THE INPUT:
◆ ◆ ◆ ◆ ◆ ◆ ◆

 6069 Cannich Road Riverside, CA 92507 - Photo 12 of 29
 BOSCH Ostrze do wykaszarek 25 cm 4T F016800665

◆ ◆ ◆ ◆ ◆ ◆ ◆

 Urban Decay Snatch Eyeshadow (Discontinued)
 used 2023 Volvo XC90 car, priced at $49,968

◆ ◆ ◆ ◆ ◆ ◆ ◆

TASK INSTRUCTIONS: Above are the records. Copy the lines beginning at the one that has "6069 Cannich Road" and ending with the one that has "BOSCH Ostrze do", unchanged.

EXERCISE RESULT:
 6069 Cannich Road Riverside, CA 92507 - Photo 12 of 29
 BOSCH Ostrze do wykaszarek 25 cm 4T F016800665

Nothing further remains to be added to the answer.